I am feeling envious. Envious of those researchers, or research leaders, who have found a particular niche area, and who are able to spend the majority of their time there. I am at a project meeting for one of the 4 projects I am involved in at the moment. It so happens that the work my group does at the moment concerns 3 distinct geographical regions: the Sahara, the Brazilian rainforest and the South Asian monsoon. In each case, my interest is in the role that aerosol could play in driving regional weather and climate, but in each case the background is very different. On days like today, I am having to catch up with the basics of biomass burning and all the previous literature before I am even on the same page as those who are working more continuously on one area.

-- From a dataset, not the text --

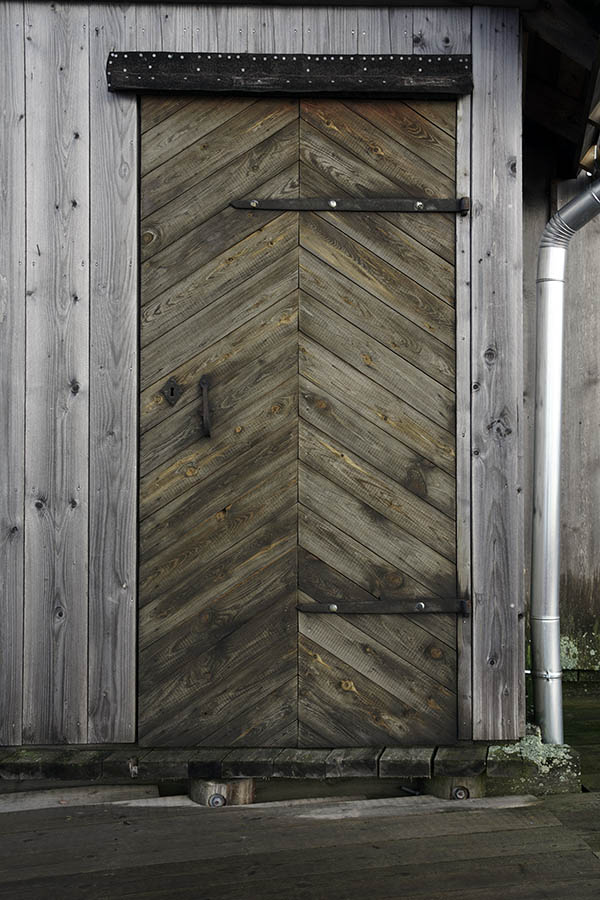 Photo 27346: Unpainted door of diagonal boards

It ultimately comes down to the old breadth versus depth argument. Ever since I started winning research funds I have always had quite a few different strands of research on the go at any one time. This is interesting and exciting, but can be exhausting to keep up with. At one point I had people or myself working on 7 different topics. I felt like I was constantly behind on all fronts, although all projects were interesting. In the end, I breathed a sigh of relief when one or two of the projects ended. For me, breadth has worked so far, but at moments of low self-confidence I sometimes wonder whether the broad approach that I sort of fell into (possibly related to inability to say no?) was the right decision.

Breadth versus depth is an age-old discussion at all levels of education, in all fields. To me it seems necessary to have some degree of flexibility in terms of research area since the very process of doing research opens up new questions, and more pragmatically, sometimes funding is easier to come by in some areas than others.  Again, opinions amongst colleagues are divided between those who “chase” funding, and those who stick to a narrow area even if it means research grants are hard to come by (not all institutions will be totally happy about this given the way research funding is used as a metric). Most of us are somewhere in between. This variation regarding the importance of breadth vs depth has unfortunately reared its heard in discussions of potential academic hires –  in one case that I was witness to a long time ago, the breadth appeared to be valued differently depending on whether the candidate was male or female – in the case of the male, breadth was viewed as positive and creative – in the case of the female it was discussed as “lack of focus” etc. Not our finest hour…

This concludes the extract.